Since we’ve covered movies so bad that they aren’t bad at all, and movies that are bad but become good with incredulous guffaws, it’s time to explore the rarified realm of a third kind of bad movie: one so off-kilter so as to be entertaining, but still pretty far from good. I’m speaking, of course, of Uwe Boll‘s Alone in the Dark (one percent). Mr. Boll (whose latest, In the Name of the King: A Dungeon Siege Tale, hits theaters this week) has become something of a critical punching bag in recent years (going so far as to turn the tables and pummel one such unlucky critic). But I’ll be darned if I don’t find his movies blissfully entertaining; unlike many of the big-budget mediocrities that litter the multiplex each summer, Boll is fairly upfront about his intentions. He’s not making filet mignon, he’s making cheeseburgers.
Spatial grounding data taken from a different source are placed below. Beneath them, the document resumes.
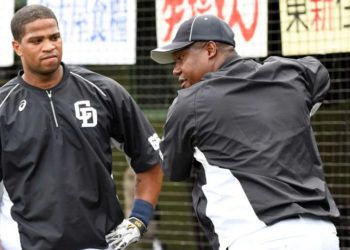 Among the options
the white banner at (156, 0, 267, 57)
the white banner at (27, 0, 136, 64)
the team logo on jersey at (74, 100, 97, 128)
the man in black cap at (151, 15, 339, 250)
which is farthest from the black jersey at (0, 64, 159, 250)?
the white banner at (27, 0, 136, 64)

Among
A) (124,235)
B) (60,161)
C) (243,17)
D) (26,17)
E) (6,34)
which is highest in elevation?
(26,17)

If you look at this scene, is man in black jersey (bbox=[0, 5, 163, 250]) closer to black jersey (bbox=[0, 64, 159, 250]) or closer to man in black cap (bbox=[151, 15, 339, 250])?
black jersey (bbox=[0, 64, 159, 250])

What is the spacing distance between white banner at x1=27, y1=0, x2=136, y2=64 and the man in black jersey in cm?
256

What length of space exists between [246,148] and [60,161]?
1.05m

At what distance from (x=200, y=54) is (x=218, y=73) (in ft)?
0.59

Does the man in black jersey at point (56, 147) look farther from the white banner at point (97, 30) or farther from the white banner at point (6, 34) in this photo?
the white banner at point (6, 34)

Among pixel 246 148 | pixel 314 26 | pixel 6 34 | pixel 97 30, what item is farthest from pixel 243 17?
pixel 246 148

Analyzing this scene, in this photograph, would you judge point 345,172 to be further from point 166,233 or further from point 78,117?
point 78,117

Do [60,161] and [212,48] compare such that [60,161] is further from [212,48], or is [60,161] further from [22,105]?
[212,48]

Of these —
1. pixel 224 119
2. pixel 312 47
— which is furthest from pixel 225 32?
pixel 312 47

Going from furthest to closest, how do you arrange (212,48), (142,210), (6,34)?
1. (6,34)
2. (142,210)
3. (212,48)

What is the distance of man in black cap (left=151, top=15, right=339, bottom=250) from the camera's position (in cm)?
423

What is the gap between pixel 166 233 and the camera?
388 inches

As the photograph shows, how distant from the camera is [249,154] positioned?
428cm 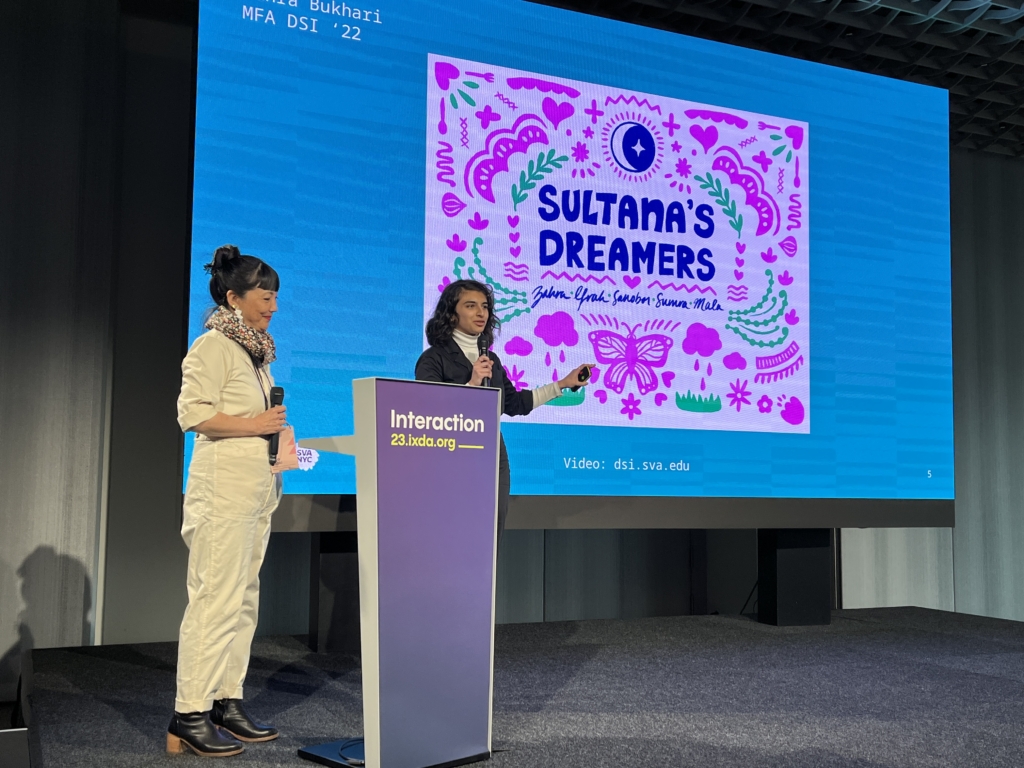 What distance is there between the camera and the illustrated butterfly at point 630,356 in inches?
169

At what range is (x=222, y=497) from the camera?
2352 mm

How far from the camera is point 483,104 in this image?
4.22m

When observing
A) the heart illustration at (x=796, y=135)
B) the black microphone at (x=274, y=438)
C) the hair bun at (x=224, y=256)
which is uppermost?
the heart illustration at (x=796, y=135)

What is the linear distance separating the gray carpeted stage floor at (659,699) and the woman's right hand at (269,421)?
76 cm

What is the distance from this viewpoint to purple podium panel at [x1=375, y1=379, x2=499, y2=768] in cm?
211

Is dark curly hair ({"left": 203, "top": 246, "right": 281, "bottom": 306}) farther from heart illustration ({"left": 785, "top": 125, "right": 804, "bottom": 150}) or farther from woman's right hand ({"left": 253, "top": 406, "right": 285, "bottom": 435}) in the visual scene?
heart illustration ({"left": 785, "top": 125, "right": 804, "bottom": 150})

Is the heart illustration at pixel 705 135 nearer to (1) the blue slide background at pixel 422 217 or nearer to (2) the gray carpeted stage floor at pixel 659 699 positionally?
(1) the blue slide background at pixel 422 217

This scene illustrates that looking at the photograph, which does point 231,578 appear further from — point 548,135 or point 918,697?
point 548,135

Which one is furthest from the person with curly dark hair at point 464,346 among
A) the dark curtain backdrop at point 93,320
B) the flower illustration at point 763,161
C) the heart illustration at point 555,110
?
the flower illustration at point 763,161

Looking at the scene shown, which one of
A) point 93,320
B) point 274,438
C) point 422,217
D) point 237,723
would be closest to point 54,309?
point 93,320

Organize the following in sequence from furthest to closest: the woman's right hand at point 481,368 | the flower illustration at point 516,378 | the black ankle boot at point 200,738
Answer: the flower illustration at point 516,378
the woman's right hand at point 481,368
the black ankle boot at point 200,738

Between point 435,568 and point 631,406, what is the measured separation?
226 cm

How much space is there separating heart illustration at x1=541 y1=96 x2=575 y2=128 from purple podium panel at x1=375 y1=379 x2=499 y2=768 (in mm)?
2352

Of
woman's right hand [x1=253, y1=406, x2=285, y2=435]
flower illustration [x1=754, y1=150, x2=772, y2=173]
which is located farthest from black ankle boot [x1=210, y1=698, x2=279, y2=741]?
flower illustration [x1=754, y1=150, x2=772, y2=173] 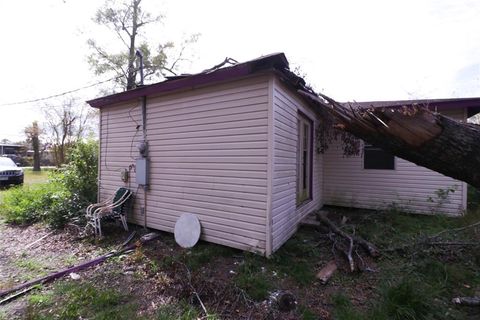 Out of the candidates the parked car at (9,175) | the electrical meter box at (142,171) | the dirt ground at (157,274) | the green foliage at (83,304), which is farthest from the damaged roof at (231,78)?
the parked car at (9,175)

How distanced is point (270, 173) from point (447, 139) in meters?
2.08

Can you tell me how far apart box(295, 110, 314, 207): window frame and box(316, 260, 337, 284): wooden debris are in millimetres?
1835

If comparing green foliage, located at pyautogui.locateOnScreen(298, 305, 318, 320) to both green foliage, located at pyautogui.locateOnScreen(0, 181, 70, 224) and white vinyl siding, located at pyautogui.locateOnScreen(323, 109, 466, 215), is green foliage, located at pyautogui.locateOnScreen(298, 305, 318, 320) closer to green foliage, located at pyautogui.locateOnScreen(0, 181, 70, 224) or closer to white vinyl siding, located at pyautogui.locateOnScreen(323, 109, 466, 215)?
white vinyl siding, located at pyautogui.locateOnScreen(323, 109, 466, 215)

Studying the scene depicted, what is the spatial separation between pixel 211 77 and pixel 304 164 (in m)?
3.09

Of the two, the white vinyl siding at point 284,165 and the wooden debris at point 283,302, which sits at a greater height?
the white vinyl siding at point 284,165

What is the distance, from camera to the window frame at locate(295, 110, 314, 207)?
5.46 meters

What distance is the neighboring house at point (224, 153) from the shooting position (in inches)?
149

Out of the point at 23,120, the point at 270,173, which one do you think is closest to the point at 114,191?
the point at 270,173

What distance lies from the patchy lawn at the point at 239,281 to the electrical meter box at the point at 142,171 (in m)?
1.23

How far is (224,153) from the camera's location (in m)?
4.20

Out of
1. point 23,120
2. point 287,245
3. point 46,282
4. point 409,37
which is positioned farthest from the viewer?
point 23,120

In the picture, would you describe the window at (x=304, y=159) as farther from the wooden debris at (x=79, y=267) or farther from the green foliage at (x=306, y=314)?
the wooden debris at (x=79, y=267)

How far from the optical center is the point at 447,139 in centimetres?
210

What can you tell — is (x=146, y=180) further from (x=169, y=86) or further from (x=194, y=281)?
(x=194, y=281) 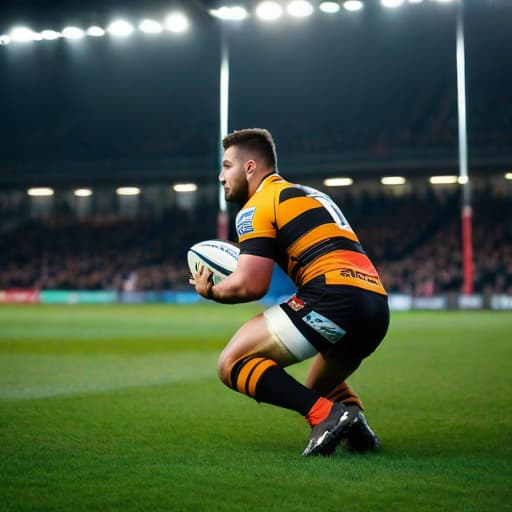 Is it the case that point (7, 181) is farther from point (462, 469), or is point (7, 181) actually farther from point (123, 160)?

Unlike the schlockmeisters of old, it cannot be said that Boll is completely devoid of cinematic craft; if you caught patches of Alone in the Dark on late-night cable, you could be fooled into thinking it’s better than it is. And the actors in Alone (Christian Slater, Tara Reid, Stephen Dorff), despite their tabloid misadventures, have all been involved in worthy entertainments. What makes Boll’s films so perversely entertaining is their distillation of time-tested commercial elements in jarringly askew ways. For example, Alone features ludicrously world-weary dialogue (“I learned the truth a long time ago. Just because you can’t see something, doesn’t mean it can’t kill you,” Slater portentously intones), pointless stylistic tricks (do we really need a zoom into the barrel of Slater’s gun before he pulls the trigger?), incomprehensible action (there are two shootouts that are so darkly lit and discordantly edited it’s literally impossible to know what’s going on), hilarious miscasting (Reid as an archaeologist?!), and a pretentious scrolling prologue that makes Star Wars‘ look like a monument to brevity. Alone also shamelessly cribs elements from such classics as Alien and the Indiana Jones movies, and features one of the most out-of-nowhere romantic interludes in recent cinema. But it is never, ever boring; as MaryAnn Johnson of Flick Philospher raved, Alone is “an instant classic of cheeseball cinema, an orgy of overblown dialogue and hammy overacting, 90-some-odd minutes of cheap-looking, jaw-dropping incoherence.”
Entertaining badness comes in many other shapes and sizes. From misbegotten vanity projects like the Vanilla Ice vehicle Cool as Ice (eight percent) to the un-erotic, un-thrilling erotic thriller Fascination (four percent); from the knuckleheaded geopolitics of Navy SEALS (21 percent) to the goblin-infested cheesiness of Troll 2 (zero percent), badness can be goodness. Sometimes.